The idea behind containers is that developers can more easily deploy and scale their applications on different servers and in different clouds, so Microsoft — or Microsoft Open Technologies, to be precise — promises that it will support Kubernetes in Linux environments on its Azure platform. Microsoft will also work on supporting libswarm, a separate Docker-backed project, for composing network services on Azure, too. Docker itself will work on aligning libswarm with the Kubernetes framework.

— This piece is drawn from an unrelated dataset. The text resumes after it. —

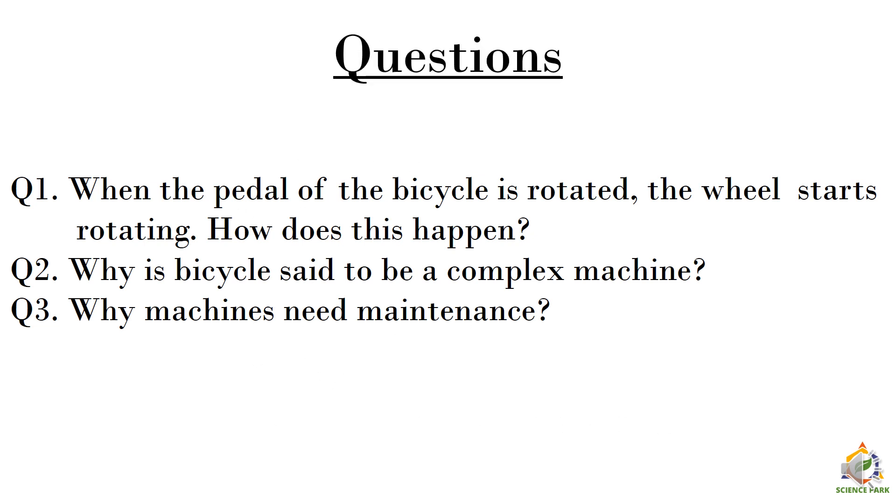Friends, here are some questions. Kindly note the questions and write the answers to them. Thank you.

Red Hat promises that it will bring Kubernetes to its hybrid cloud and IBM says it will contribute code to this project and the Docker ecosystem in general “to ensure that containers are enterprise-grade, and is working with the community to create an open governance model around the project.”
MesoSphere, CoreOS and SaltStack will work on integrating Kubernetes with their own technologies. MesoSphere, which started supporting Docker late last year, will work on bringing its scheduling and management capabilities to Kubernetes customers, for example. As the CoreOS team tells me, Kubernetes already uses the CoreOS’s etcd key value store that forms the backbone of CoreOS’s clusters.
Overall, this seems like great news for the Docker project. Everybody on this list of Kubernetes backers was already supporting Docker in some form before, but getting this group of companies together to collaborate in the Docker ecosystem can only help its adoption (and may spell trouble for other virtualization technologies in the long run).